Le vertige s’accroît du fait que cette puissance ne sait pas où elle va. Ses décisions sont comminatoires, même quand elles se contredisent. Les masques ? Ils ne servaient à rien, c’était certain, tant qu’on n’en avait pas. Ils sont redevenus utiles — c’est-à-dire susceptibles de sauver la vie — depuis qu’on en dispose. La « distanciation sociale » s’impose, c’est entendu, mais la distance de sécurité s’accroît de 50 % quand un Français se rend en Belgique ou franchit le Rhin, et elle double s’il parvient à traverser l’Atlantique. Enfin, on nous dira bientôt quel âge et quelle corpulence interdisent toujours de sortir de chez soi. Mieux valait autrefois être vieux et gros qu’aujourd’hui « senior » et « en surpoids » : les premiers étaient au moins libres de leurs pas. On apprendra aussi pourquoi les écoliers ont cessé d’être contagieux pour des enseignants proches de la retraite à qui on continue pourtant de recommander de conserver leurs distances avec leurs petits-enfants.

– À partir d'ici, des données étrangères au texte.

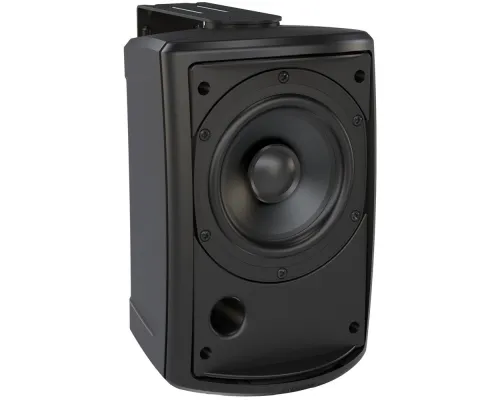 Настенный громкоговоритель Tannoy AMS 5ICT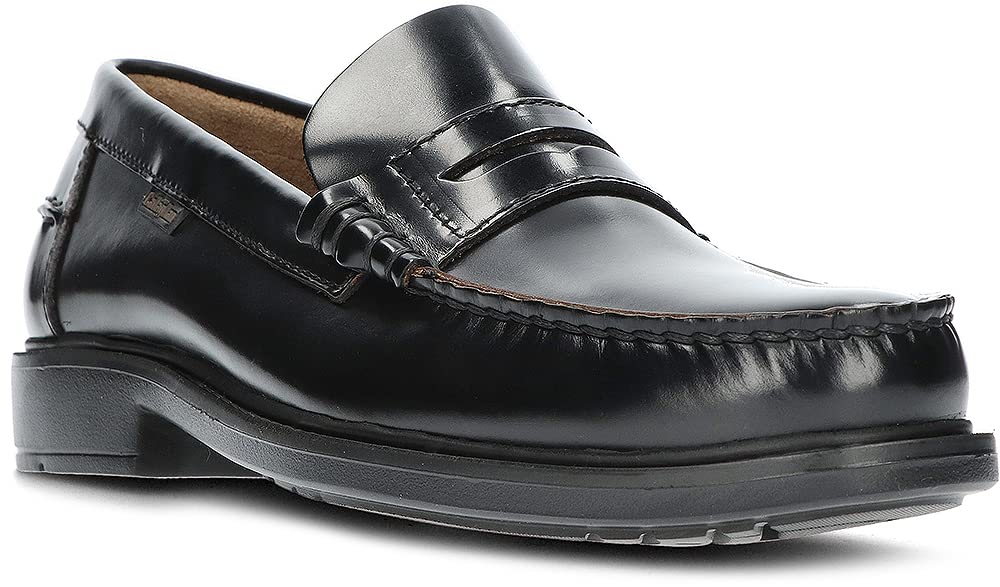Callaghan Cedron MocassiniUomo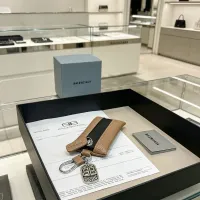 $38.00 USD Balenciaga Key Holder And Bag Buckle #1468439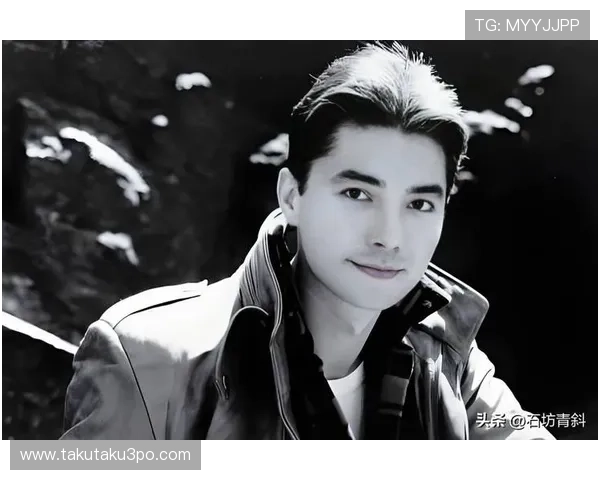 快速下载尊龙d88苹果版注册，开启您的尊龙娱乐新体验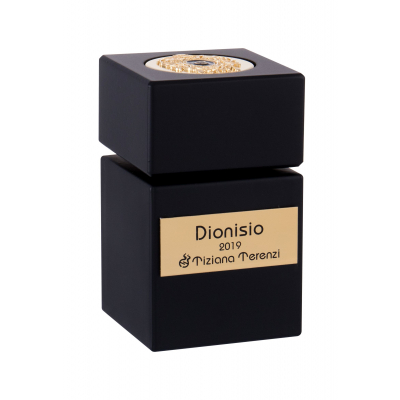 Tiziana Terenzi Anniversary Collection Dionisio Perfumy 100 ml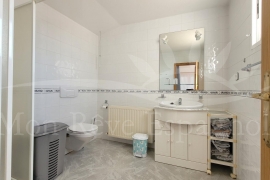 Sale - Villa - Pinar de Campoverde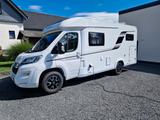 Hobby  Optima Ontour Edition V65 GE - Angebote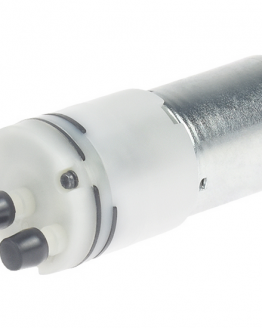 DRINK SYSTEM SPARE PARTS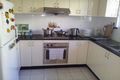 Property photo of 12/17-21 Guildford Road Guildford NSW 2161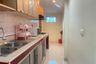2 Bedroom House for rent in Top Land Ratsada Village, Ratsada, Phuket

Un jour, nous redeviendrons adultes. Capables de comprendre et d’imposer d’autres choix, y compris économiques et sociaux. Pour le moment, nous prenons des coups sans pouvoir les rendre ; nous parlons dans le vide et nous le savons. D’où ce climat poisseux, cette colère inemployée. Un baril de poudre au milieu d’une pièce, et qui attend son allumette. Après l’enfance, l’âge ingrat…"
Serge Halimi, Monde diplomatique mai 2020, éditorial.